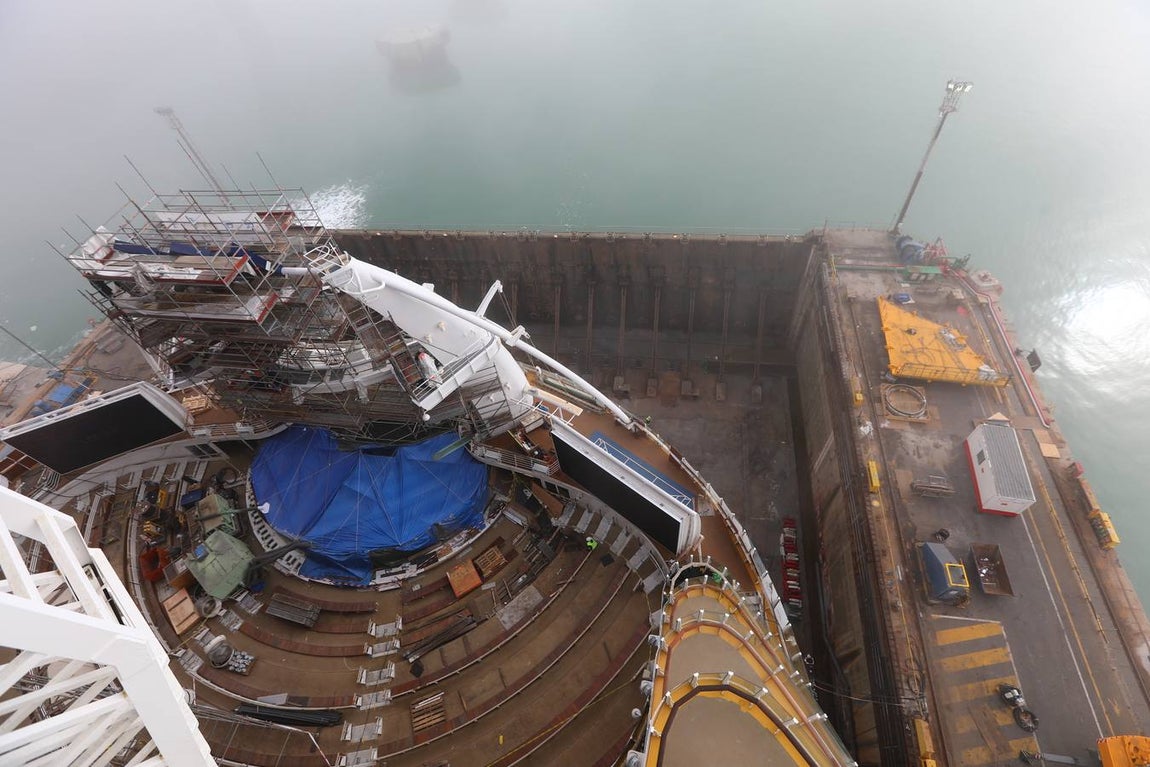 Las primeras imágenes de la reparación del crucero Oasis, de Royal Caribbean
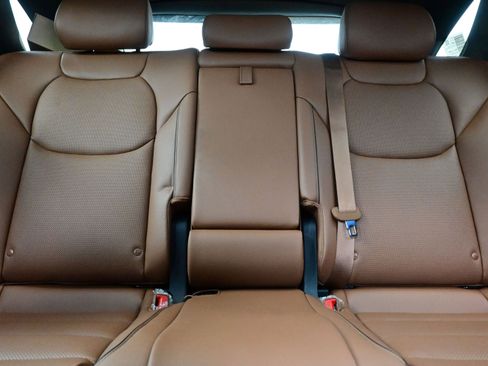 New 2026 Genesis GV70 2.5T Advanced image 10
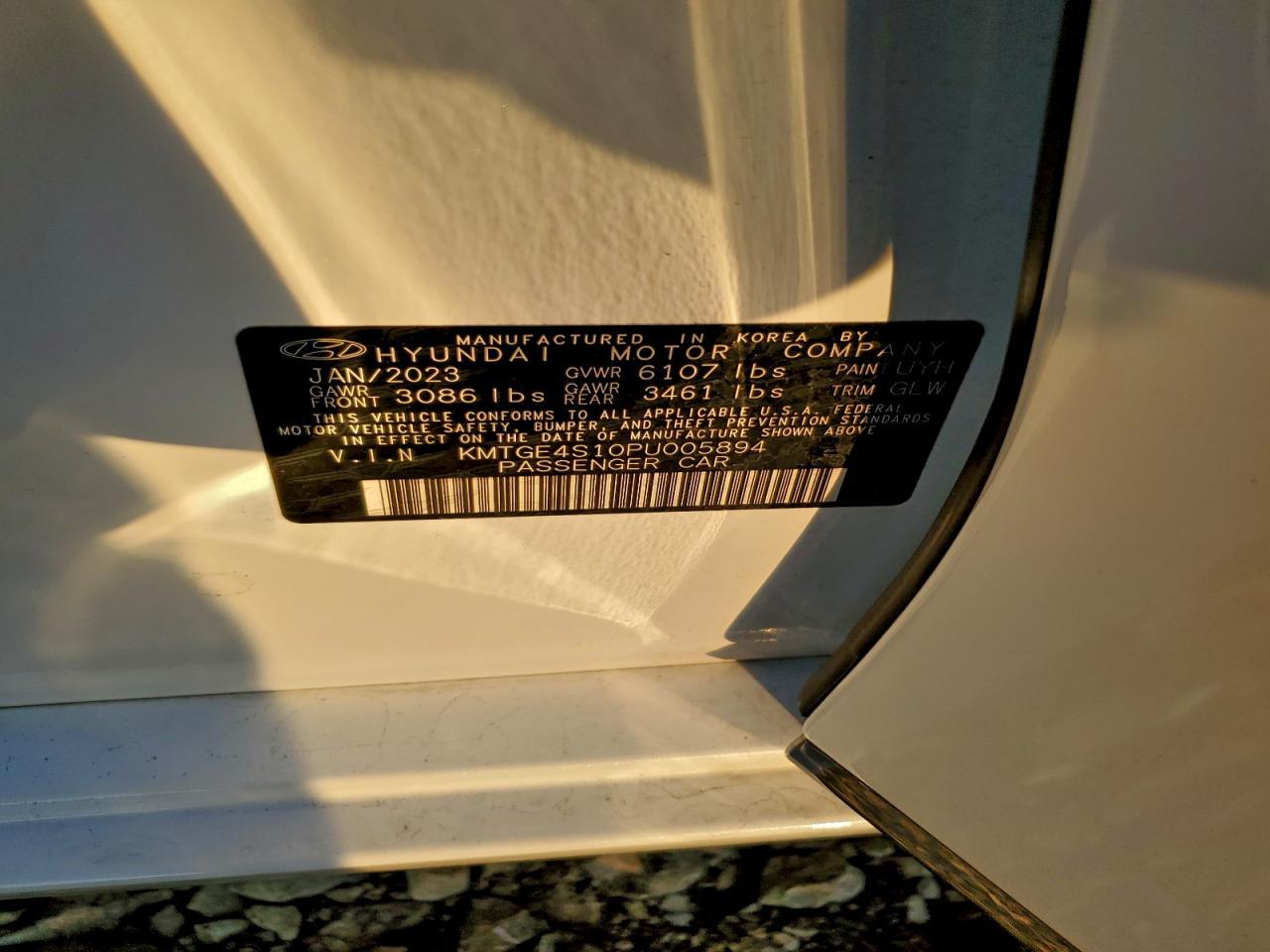 2023 GENESIS G80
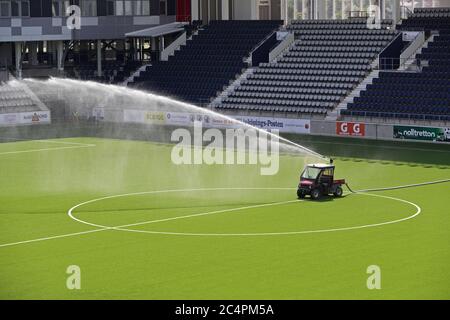 Linkoping, Svezia 20200627 obos Damallsvenskan tra Linköping FC e Växjö DFF all'arena di Linköping ha dovuto giocare stand vuoti a causa del virus corona. L'immagine mostra l'annaffiatura del campo prima che inizi la partita. Foto Gippe Gustafsson Foto Stock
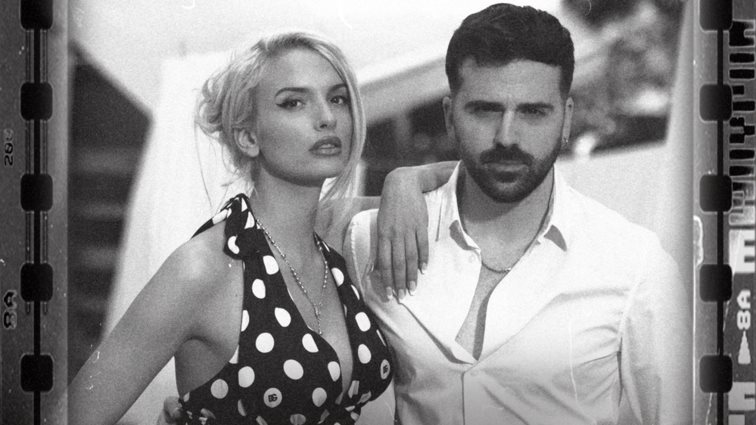 Κατερίνα Λιόλιου και Γιάννης Φακίνος τραγουδούν &quot;Με ‘Γεια Σου&quot; στην οπτικοποιημένη, viral επιτυχία τους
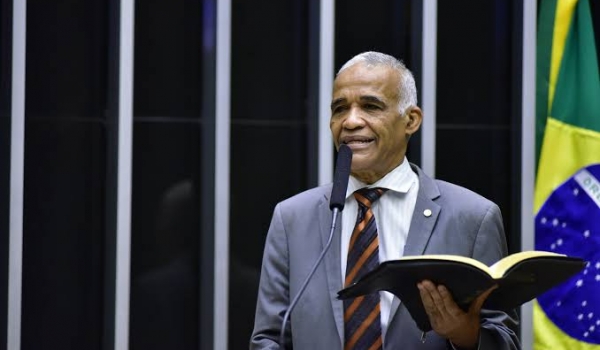 Pastor e deputado Sargento Isidório viraliza ao ensinar homem a andar de moto sem 'roçar'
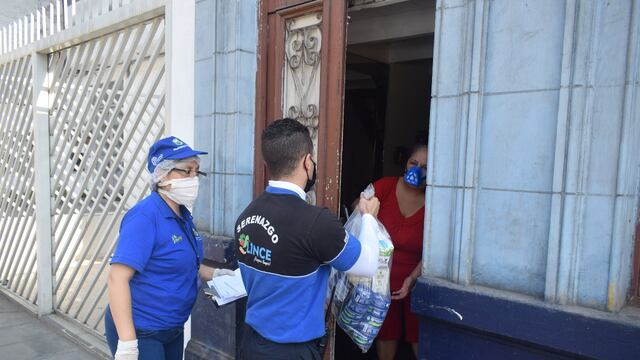 Coronavirus en Perú: entregan canastas con víveres a personas con discapacidad en Lince | FOTOS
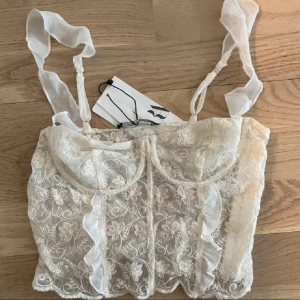 Zara topp - Säljer virala toppen ifrån Zara, helt slutsåld. Aldrig använd 
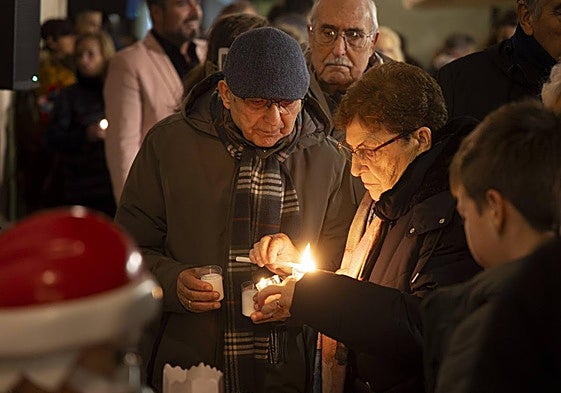 Imágenes del Día de las velitas celebrado este domingo en el entorno de la iglesia de San Martín de Valladolid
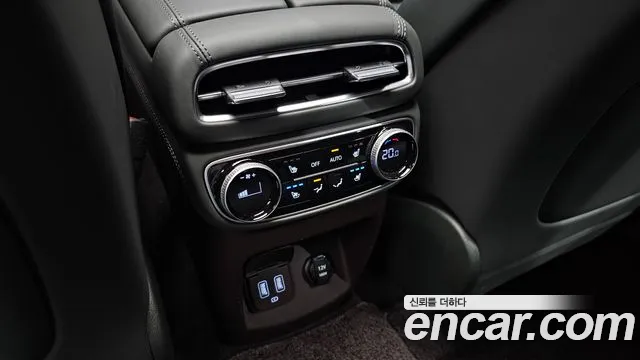 Genesis GV80 3.5T Бензин AWD — Фото автомобиля 18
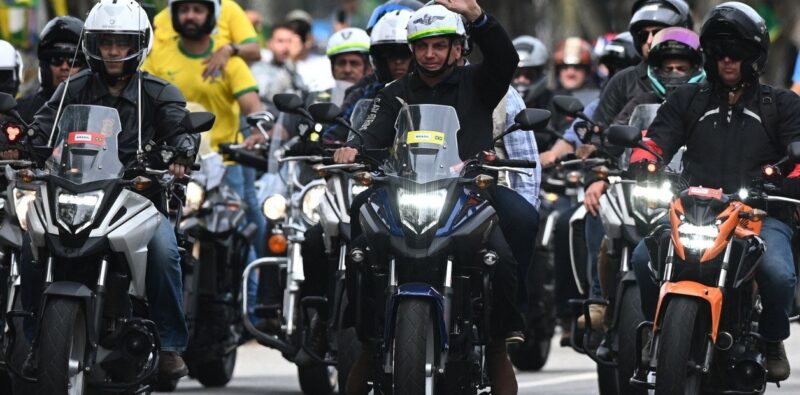 Jair Bolsonaro volvió a encabezar una marcha con motoqueros a pesar del coronavirus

▸ Exercise directions: In transcribing the lines above, omit the images and keep all else exact.

▸ The answer:
 Las primeras imágenes de la reparación del crucero Oasis, de Royal Caribbean
 New 2026 Genesis GV70 2.5T Advanced image 10
 2023 GENESIS G80
 Linkoping, Svezia 20200627 obos Damallsvenskan tra Linköping FC e Växjö DFF all'arena di Linköping ha dovuto giocare stand vuoti a causa del virus corona. L'immagine mostra l'annaffiatura del campo prima che inizi la partita. Foto Gippe Gustafsson Foto Stock
 Κατερίνα Λιόλιου και Γιάννης Φακίνος τραγουδούν &quot;Με ‘Γεια Σου&quot; στην οπτικοποιημένη, viral επιτυχία τους
 Pastor e deputado Sargento Isidório viraliza ao ensinar homem a andar de moto sem 'roçar'
 Coronavirus en Perú: entregan canastas con víveres a personas con discapacidad en Lince | FOTOS
 Zara topp - Säljer virala toppen ifrån Zara, helt slutsåld. Aldrig använd 
 Imágenes del Día de las velitas celebrado este domingo en el entorno de la iglesia de San Martín de Valladolid
 Genesis GV80 3.5T Бензин AWD — Фото автомобиля 18
 Jair Bolsonaro volvió a encabezar una marcha con motoqueros a pesar del coronavirus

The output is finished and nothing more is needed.